Lorsqu’un homme présente des symptômes de couvade, il faut se demander s’il a été oublié, laissé de côté dans cet événement qu’est la grossesse,

où l’attention est focalisée sur la mère et le fœtus, car la couvade est l’expression d’une crise psychique non résolue.» Et d’ajouter que dans des cas très rares, d’aucuns peuvent aller jusqu’à développer une réelle psychose de la paternité.

Car la pression sur les futurs papas est bien réelle: plus question d’attendre patiemment dans le couloir la naissance de leur enfant et de filer arroser l’heureux événement avec les copains avant de reprendre le travail.

Les rôles ont changé et les pères ont souvent peur de ne pas être à la hauteur.
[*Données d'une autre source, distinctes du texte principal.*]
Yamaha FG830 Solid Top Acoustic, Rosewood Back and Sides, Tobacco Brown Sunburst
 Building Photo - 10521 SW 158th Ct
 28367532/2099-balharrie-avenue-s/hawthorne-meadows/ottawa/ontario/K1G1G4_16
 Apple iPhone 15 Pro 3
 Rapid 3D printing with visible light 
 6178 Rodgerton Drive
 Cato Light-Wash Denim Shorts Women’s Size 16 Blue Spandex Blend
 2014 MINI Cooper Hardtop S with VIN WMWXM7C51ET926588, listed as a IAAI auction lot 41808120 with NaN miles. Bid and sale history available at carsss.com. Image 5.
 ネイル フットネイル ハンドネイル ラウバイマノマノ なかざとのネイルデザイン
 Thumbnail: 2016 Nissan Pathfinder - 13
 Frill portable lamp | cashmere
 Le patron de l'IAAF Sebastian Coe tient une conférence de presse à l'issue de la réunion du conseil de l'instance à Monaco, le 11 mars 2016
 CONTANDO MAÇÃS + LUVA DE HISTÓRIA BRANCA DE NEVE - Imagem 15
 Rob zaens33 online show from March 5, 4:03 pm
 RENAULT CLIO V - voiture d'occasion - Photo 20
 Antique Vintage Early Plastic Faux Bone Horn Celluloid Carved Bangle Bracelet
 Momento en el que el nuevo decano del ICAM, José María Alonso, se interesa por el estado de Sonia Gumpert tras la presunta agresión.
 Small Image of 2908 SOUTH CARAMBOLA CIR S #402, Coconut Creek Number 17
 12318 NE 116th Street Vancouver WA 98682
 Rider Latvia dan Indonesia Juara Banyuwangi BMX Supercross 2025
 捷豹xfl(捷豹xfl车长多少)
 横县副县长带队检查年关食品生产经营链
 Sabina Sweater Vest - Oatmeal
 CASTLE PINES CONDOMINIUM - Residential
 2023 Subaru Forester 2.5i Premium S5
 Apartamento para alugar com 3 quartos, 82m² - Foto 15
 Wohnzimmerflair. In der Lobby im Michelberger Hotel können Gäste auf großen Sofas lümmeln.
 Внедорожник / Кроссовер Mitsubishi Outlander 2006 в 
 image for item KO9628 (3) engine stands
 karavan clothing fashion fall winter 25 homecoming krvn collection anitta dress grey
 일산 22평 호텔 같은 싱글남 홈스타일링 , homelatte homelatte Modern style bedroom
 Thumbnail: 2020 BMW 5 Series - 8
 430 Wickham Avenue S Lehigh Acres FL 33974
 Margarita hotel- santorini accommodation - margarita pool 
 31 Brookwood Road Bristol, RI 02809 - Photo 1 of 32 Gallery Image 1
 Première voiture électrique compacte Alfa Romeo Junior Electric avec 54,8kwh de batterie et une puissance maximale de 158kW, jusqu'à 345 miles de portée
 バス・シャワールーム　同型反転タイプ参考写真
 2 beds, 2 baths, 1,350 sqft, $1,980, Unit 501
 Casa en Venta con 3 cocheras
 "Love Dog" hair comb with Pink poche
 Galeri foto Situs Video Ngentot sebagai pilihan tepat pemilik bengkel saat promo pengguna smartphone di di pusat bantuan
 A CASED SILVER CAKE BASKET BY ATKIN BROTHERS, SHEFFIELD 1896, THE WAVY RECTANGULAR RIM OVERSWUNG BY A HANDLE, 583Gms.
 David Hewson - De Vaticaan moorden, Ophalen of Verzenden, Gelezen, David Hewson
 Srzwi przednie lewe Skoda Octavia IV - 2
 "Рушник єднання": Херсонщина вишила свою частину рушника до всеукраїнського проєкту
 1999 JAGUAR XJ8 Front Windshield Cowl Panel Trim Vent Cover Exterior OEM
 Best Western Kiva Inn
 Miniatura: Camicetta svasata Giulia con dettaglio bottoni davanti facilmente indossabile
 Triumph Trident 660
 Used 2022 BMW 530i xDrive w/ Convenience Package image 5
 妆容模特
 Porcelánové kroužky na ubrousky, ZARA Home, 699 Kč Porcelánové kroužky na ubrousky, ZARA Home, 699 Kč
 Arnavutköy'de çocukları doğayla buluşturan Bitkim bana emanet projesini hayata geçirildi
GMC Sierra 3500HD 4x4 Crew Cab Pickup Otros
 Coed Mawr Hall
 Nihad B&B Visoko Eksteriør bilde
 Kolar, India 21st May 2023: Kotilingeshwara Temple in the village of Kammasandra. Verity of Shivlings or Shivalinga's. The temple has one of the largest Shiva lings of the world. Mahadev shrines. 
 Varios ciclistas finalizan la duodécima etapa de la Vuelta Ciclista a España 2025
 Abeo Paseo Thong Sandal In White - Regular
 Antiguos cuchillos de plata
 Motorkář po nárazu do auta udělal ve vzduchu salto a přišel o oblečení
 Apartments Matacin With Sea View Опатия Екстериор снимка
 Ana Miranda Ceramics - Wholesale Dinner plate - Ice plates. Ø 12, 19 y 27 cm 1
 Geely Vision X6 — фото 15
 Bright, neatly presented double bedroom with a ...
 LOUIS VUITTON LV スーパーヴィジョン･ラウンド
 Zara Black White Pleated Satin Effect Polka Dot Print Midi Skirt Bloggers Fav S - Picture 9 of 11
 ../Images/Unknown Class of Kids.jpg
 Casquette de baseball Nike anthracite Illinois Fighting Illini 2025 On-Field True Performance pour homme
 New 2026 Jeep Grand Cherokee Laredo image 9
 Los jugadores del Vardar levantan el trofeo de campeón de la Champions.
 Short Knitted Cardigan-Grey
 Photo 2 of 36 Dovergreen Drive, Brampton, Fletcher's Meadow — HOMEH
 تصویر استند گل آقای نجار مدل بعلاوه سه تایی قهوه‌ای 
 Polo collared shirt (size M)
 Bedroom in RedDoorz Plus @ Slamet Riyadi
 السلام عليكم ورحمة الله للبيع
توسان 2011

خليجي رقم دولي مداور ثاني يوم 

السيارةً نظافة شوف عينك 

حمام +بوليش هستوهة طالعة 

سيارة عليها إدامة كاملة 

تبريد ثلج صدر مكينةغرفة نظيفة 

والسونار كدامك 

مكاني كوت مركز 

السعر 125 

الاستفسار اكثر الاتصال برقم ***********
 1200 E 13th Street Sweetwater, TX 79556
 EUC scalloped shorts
Ils se demandent où est leur place,

résume le spécialiste. Alors, face à ceux qui peinent à investir le terrain, André Berthoud enjoint de ne pas rester dans l’attentisme et des approximations du style: «On verra bien une fois que le bébé sera là.» «Je leur conseille d’aller acheter un petit cadeau pour leur futur enfant. Cela leur permet de se projeter et de ne pas rester inactifs.» Avant le grand chambardement.